- RECORDED DATA
=== Section Start ===
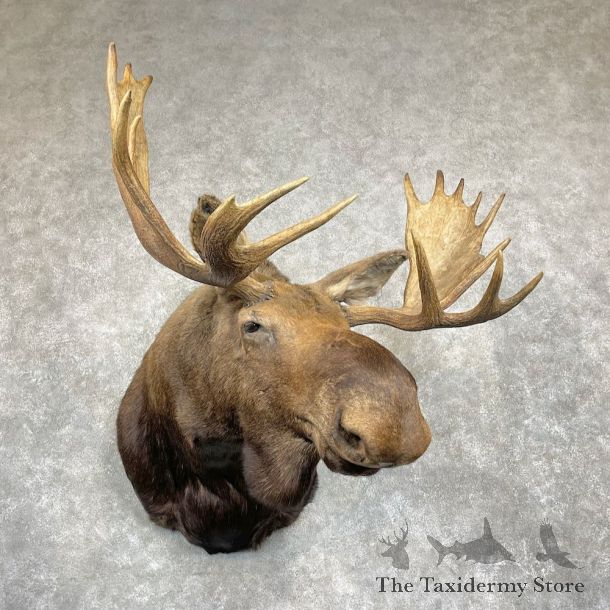 Alaskan Yukon Moose Mount For Sale #27095 @ The Taxidermy Store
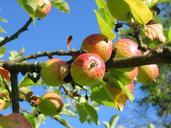 apple-tree-orchard-apfelernte-360083.jpg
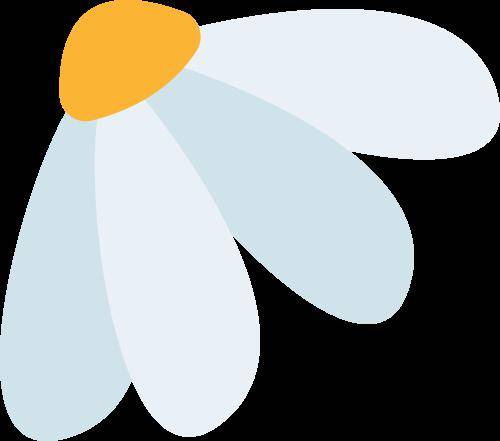 凝"青"聚力 以赛促研 | 2023-2024学年度上期成都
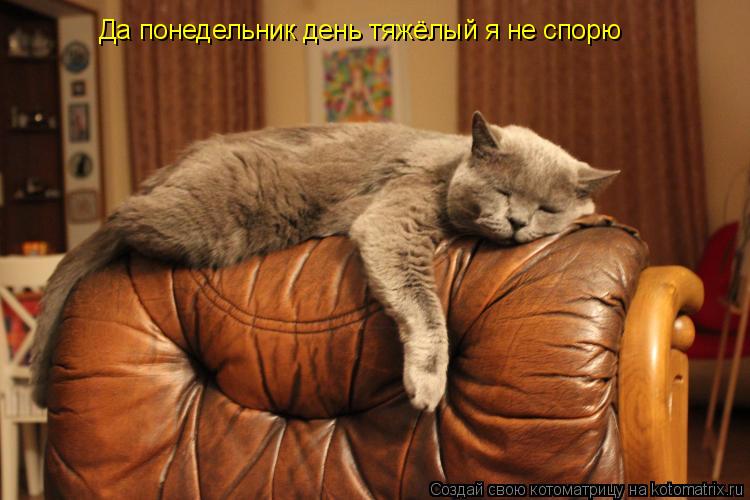 Котоматрица: Да понедельник день тяжёлый я не спорю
=== Section End ===
- WHAT YOU WILL DO
Ignoring the pictures, write out word for word the lines from the line containing "apple-tree-orchard-apfelernte-360083.jpg" through the end of the material above.

- THE COMPLETED TASK
 apple-tree-orchard-apfelernte-360083.jpg
 凝"青"聚力 以赛促研 | 2023-2024学年度上期成都
 Котоматрица: Да понедельник день тяжёлый я не спорю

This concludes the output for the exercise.